News and Opinion from Sisters, Oregon

Teachers strengthen 'key concepts'

Sisters teachers spent two days at the end of the school year trying to ensure that students will "get" the key concepts they need to grasp as they move from one grade level to the next.

Forty Sisters teachers were selected to attend the district's first "Summer Institute," June 14-15 at Sisters High School (SHS). Each day the teachers were guided through a series of workshops designed to further the "vertical alignment" project that they started in January 2012.

To achieve vertical alignment, all the teachers in a given discipline (math, reading, etc.) from first through 12th grade get together as a group to make sure that the key concepts being taught at one grade level include the key concepts necessary to be successful at the next level.

At the end of the first day of the institute, the teachers engaged in a process called "step back consulting." In this process, the teachers in one discipline group brainstorm solutions for a key problem facing another discipline.

Two consistent challenges face math teachers. The first major concern is making sure that the students were being taught the key concepts that they were later being tested on. The second major concern, given the recent funding and personnel cuts, was finding sufficient time and resources to help struggling students get back on track.

The current curriculum focuses on the standards that the students are tested on in the state-wide annual OAKS tests. However, a number of these key standards are different from or not included in the soon-to-be-adopted "Common Core standards" (www.corestandards.org).

Oregon is moving to adopt the nationally normed Common Core standards and testing in two years.
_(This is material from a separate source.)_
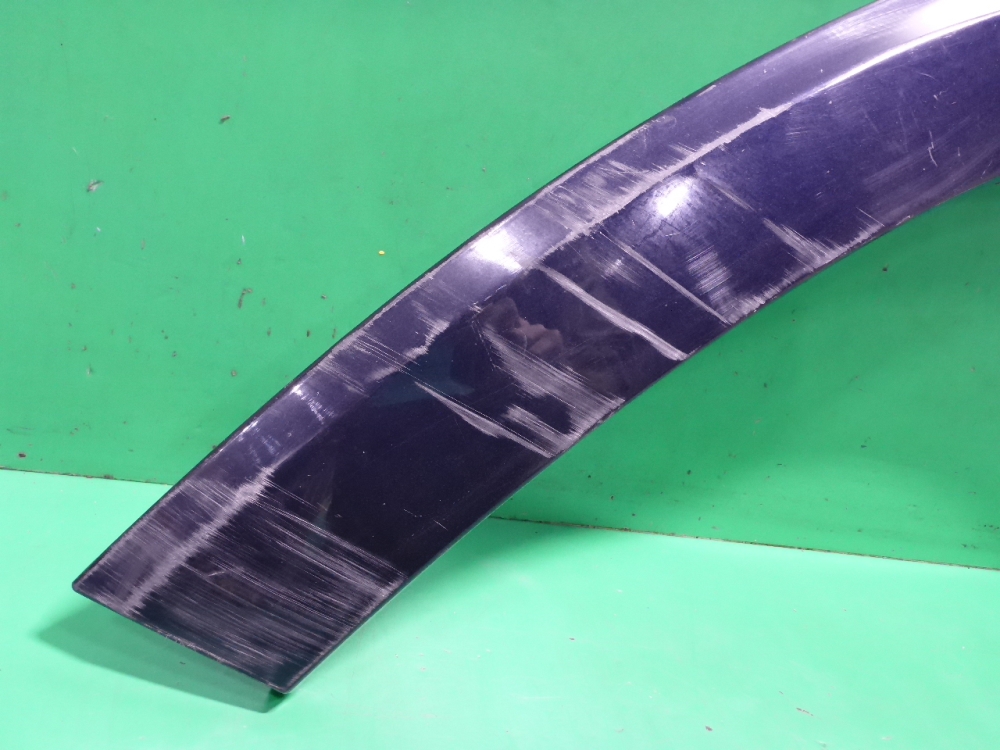 Накладка заднего крыла левого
The question becomes, do you prepare your students with curriculum designed to meet the Common Core standards, or do you continue with the old curriculum for two more years until the end of the OAKS testing?

(Norm-referenced tests compare a student's score against the scores of a group of students who have already taken the same exam, called the "norming group." The SAT and ACT tests are examples of nationally normed tests.)

The second major concern was consistent between the elementary-, middle- and high-school teachers: With the reduced number of teachers, they are losing their remediation resources (math labs, homework clubs, and study sessions). The concern is that the kids that need the help the most will fall to the wayside.

Superintendent Jim Golden, SHS Principal Joe Hosang and Sisters Middle School Principal Mark Stewart indicated after the session that they expect to have resources in place to alleviate the remediation concerns.

Golden praised the teachers for their project work that earned the district a $98,000 grant from the State of Oregon to continue this level of professional development next year.